Nearly all of the speakers at the first hearing requested additional assistance from the Foundation for new or changing school costs.

But Hochul, who had supported big increases in Foundation Aid for two years, tried to stop the windfall in 2024-25. She proposed cutting Foundation Aid to half of New York City’s school districts, breaking a rule that previously prevented any annual cuts. The Legislature wouldn’t go along with it, and no one included a cut in the final state budget.

When she asked the Rockefeller Institute to evaluate Foundation Aid, she asked them to take affordability into account.

On Tuesday, only Andrew Rein, chairman of the nonprofit Citizens Budget Commission, proposed cutting aid to districts that “have enough money” if aid to needy schools can be increased. He said districts should be eligible for cuts to Foundation Aid and that New York’s STAR program, which provides tax relief primarily to people in “wealthy regions,” should be ended.

The Empire Center, a conservative think tank that has been a leading critic of New York’s education overspending, is preparing to testify before the Rockefeller Institute. But Empire Center President and CEO Tim Hoefer told The Journal News/lohud that New York’s aid approach has driven up spending on schools to nearly $30,000 per student, while “the results have been mediocre at best.”

He said the Foundation Aid increase is taken into account when teachers and others negotiate salary increases.

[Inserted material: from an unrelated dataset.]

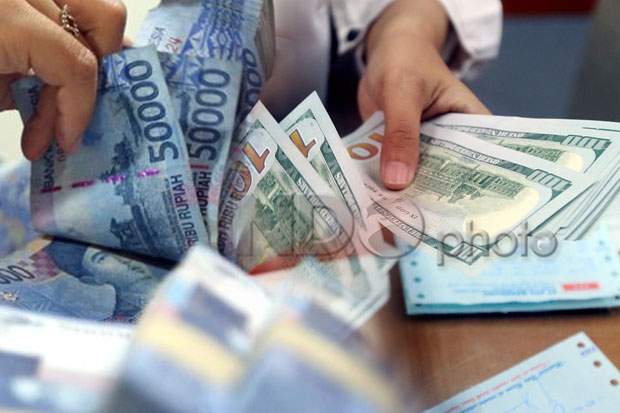 Rupiah Dibuka Lesu Gagal...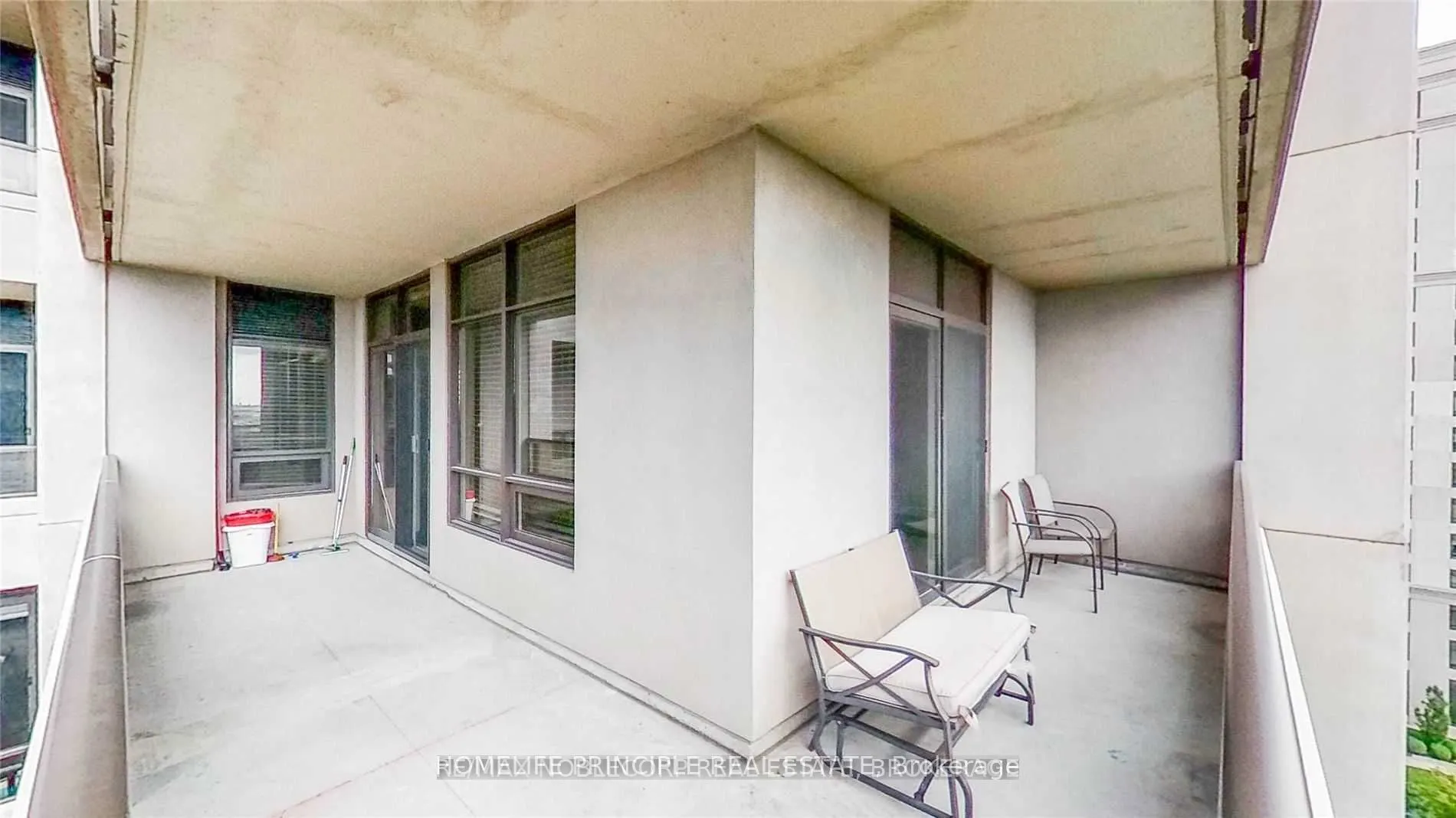 9245 Jane Street, #910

“If done well, the study will not make recommendations based solely on the wishes of myriad special interest groups, but will also address, for example, how the Foundation Aid formula can improve outcomes, best practices from other states, and how to solve difficult foundational problems, such as special education funding,” Hoefer said in an email.

Legislative leaders could fight Hochul over proposed changes that would result in cuts to aid. Sen. Shelley Mayer, D-Yonkers, chair of the Senate Education Committee, told The Journal News/lohud that she was not in favor of “a district losing what it gets.

Upcoming hearings are scheduled in Buffalo, Long Island, Central New York and the Capital Region. The Rockefeller Institute is accepting written submissions on its website.

While there is no hearing in the Lower Hudson Valley, Sen. Bill Weber said Thursday that he will hold a discussion and testimony session on July 29 from 6 to 8 p.m. at Rockland Community College’s Cultural Arts Theater.